Page 57
Like so much else, Yancey thought, the cold feeling in her guts returning.
“Mister ‘Grey,’” she asked, “why was it your boss thought this Mister Thiel unreliable?”
Geyer’s eyes met hers yet again—this shock was softer, though still potent. Something he’d carried without examining, for longer than he’d had time to feel guilty over.
“A long story,” he said. “Suffice it to say . . . someone had, indeed, been gravely misinformed.”

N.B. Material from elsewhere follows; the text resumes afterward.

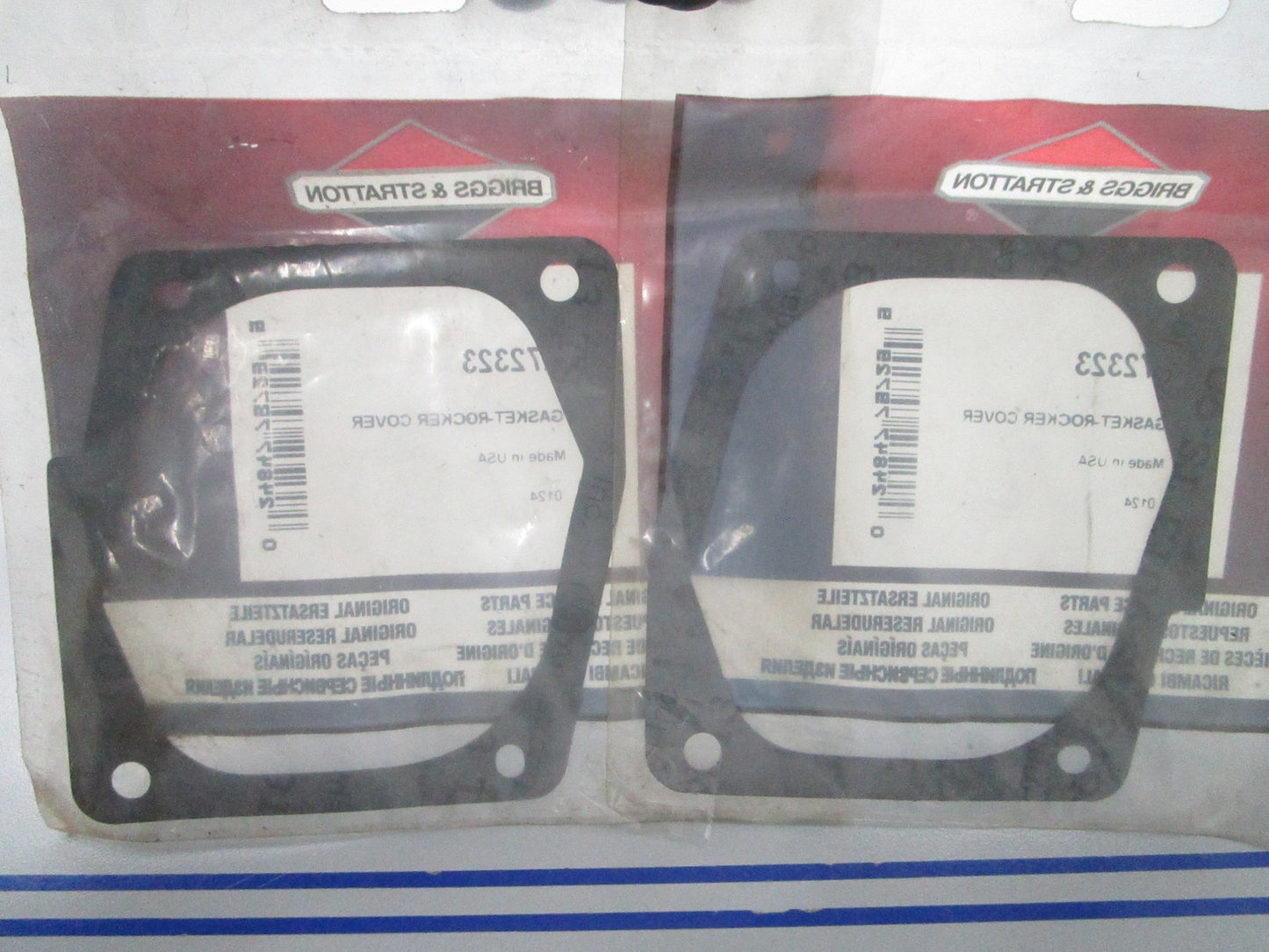 *NEW OEM* (LOT OF 2) 0810 Briggs & Stratton Rocker Cover Gasket 272323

“Pinkerton?” Morrow asked.
Geyer shook his head, sadly. “No,” he replied. “Me.”
Chapter Twelve
After Geyer’d divested himself of the rest of his tale, laid out the full extent of his and Morrow’s mutual former employer’s perfidies in fine and horrid detail, he sat as though gutted. The fire burned down, reddening the darkness ’til everything around them hurt somewhat to contemplate—or perhaps that was just Morrow’s skull, which had begun to pound, erratic as that tooth old Doc Glossing had “painlessly” pulled, what now seemed like fifty years before.
“He’s a man of parts,” Morrow said, finally, of Pinkerton. “Well suited to make hard choices, as needs must. From what I’ve seen, though . . . can’t quite believe he’d be capable of all that.”
Geyer shook his head. “Nor I, Ed; nor I. And yet . . .” He winced, as though Morrow’s ache were catching.
The conversation ran dry once more, with little hope of revivification.
“I’m for bed,” Geyer said, finally, bolting the last of his drink. To Yancey: “Would you be willing to share with me, Mister . . . Kloves? I’d take the floor, of course, in practice.”
“That’d be right kind.”
“Then . . . should we both go up now, together?”
She hadn’t even been looking Geyer’s way previous to that, just contemplating middle-distance, but this last broke her free, and she made a regal little gesture of demurral. “Not just yet, sir; I need to speak with Mister Morrow awhile. Then he can escort me, later on.”
“Without makin’ it look like I am escorting her,” Morrow assured them both. “Us all being fellows together, like we are.”
“Yes,” Geyer agreed, and rose, stiffly. “Goodnight, then . . . gentlemen.”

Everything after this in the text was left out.